Başlangıçta günlükleri kendisi için yazan Anne, daha sonra da halkı yaşadıkları baskı ve eziyetlere ilişkin belgeleri saklamaya, günlük tutmaya çağıran bir radyo yayının ardından savaştan sonra bir kitap yazmaya ve günlüklerini o kitapta değerlendirmeye karar vermişti.
Yardımcı ders kitabı
Otto Frank da kızının günlüklerinin bir kitap olarak yayınlanmasına izin verdi. İlk olarak 1947’de Hollandaca çıkan kitap, zaman içinde 60’tan fazla dile çevrilerek, Nazi döneminin kurbanlarını durumunu tüm insanlığın gözleri önüne serebilen en etkili yapıtlardan biri oldu.

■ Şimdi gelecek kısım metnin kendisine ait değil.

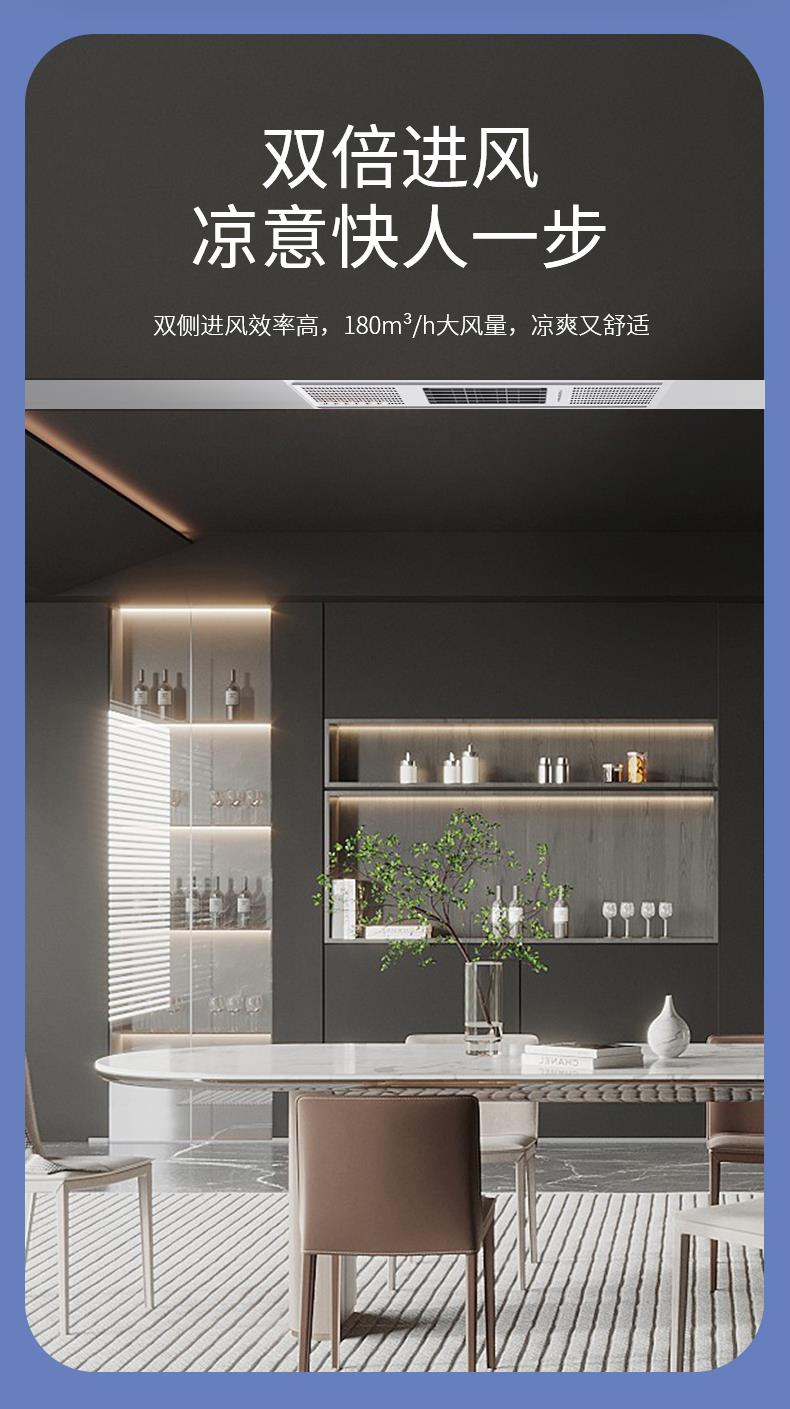 名族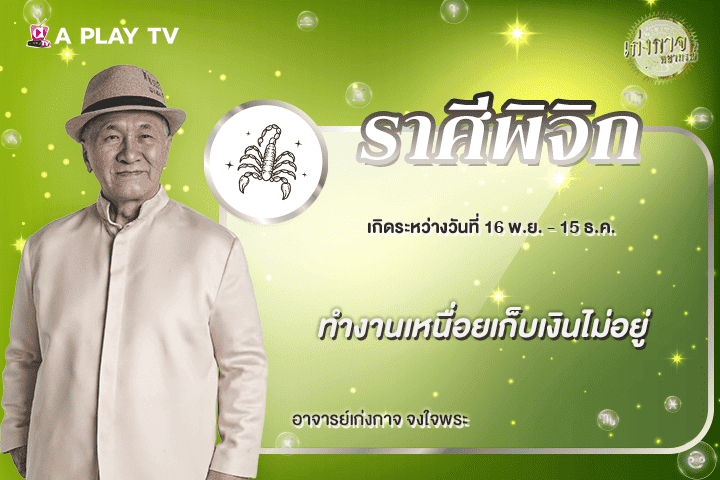 เก่งกาจพยากรณ์ 15 เมษายน 2569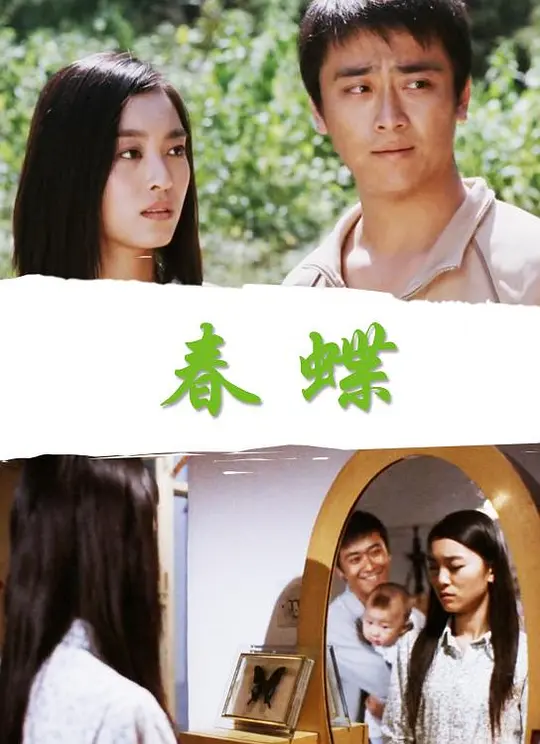 ������Ӱ�ӽ�˵��c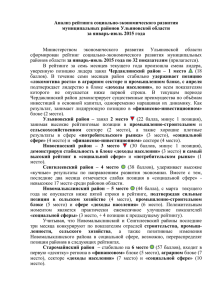 Анализ рейтинга социально-экономического развития муниципальных районов Ульяновской области за январь-июль 2015 года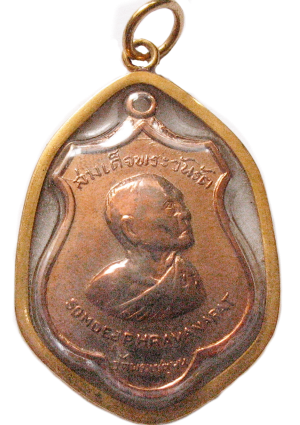 Somdej Par Wanarub (ID:026)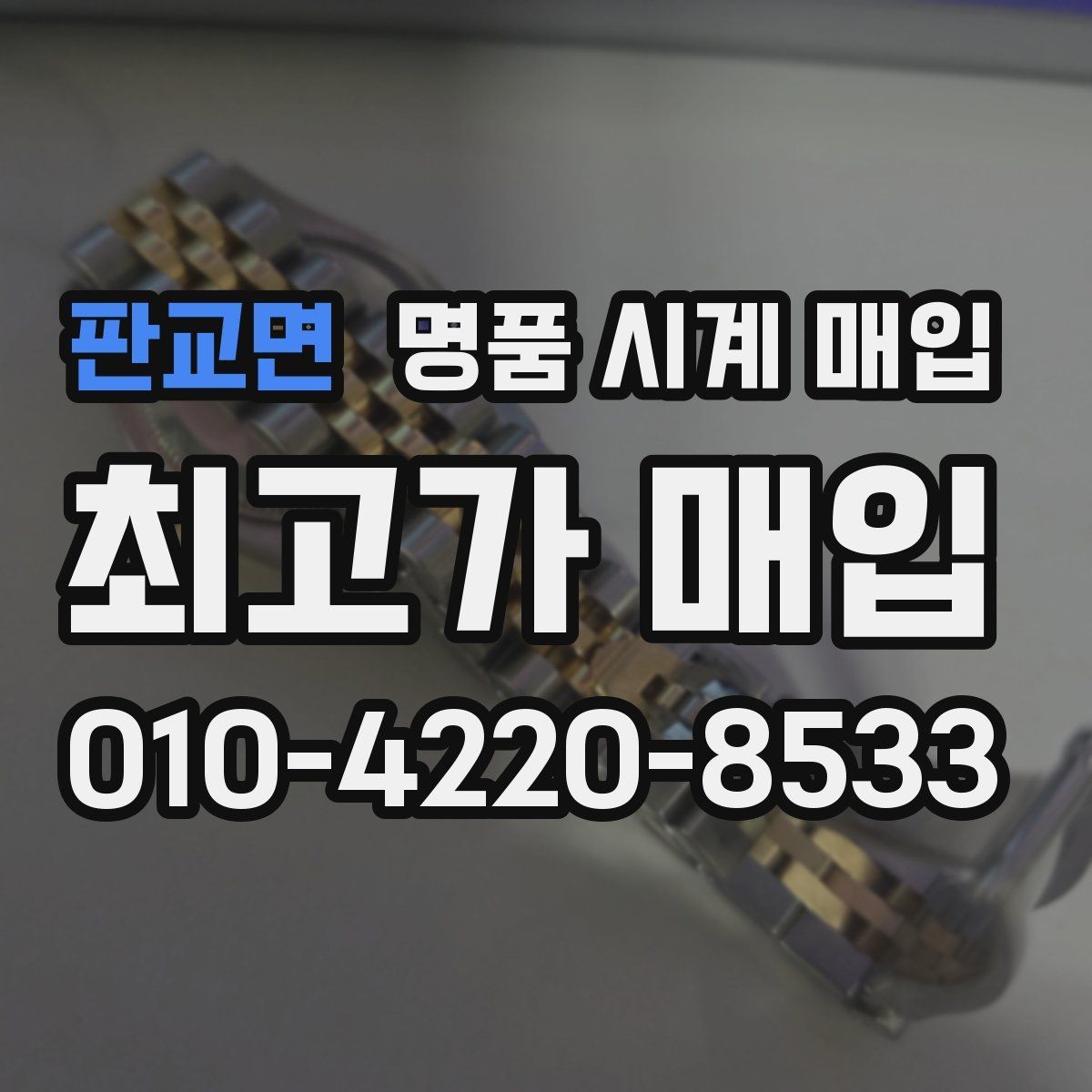 판교면 명품 시계 매입 중고로 산 시계도 문제없이 가능한가요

Türkçesi de “Anne Frank’ın Hatıra Defteri” adı altında defalarca yayınlanan kitap, günlüklerini 13. yaşgününde kendisine hediye edilen deftere yazmaya başlayan küçük kızın savaş ve diktatörlüğün baskısı altındaki düşüncelerini, iç dünyasınındaki devinimleri, o koşullardaki siyasal değerlendirmelerini, saklandıkları yerdeki aile üyelerine ve diğer insanlara yönelik gözlemlerini ve geleceğe yönelik planlanlarını içeriyor.
Kitap olarak çeşitli dillerde milyonlarca basılan günlükler, bir çok ülkede okullarda yardımcı ders kitabı olarak okutuluyor ve dünyada en çok satan kitaplar listesinin en başlarında yer alıyor.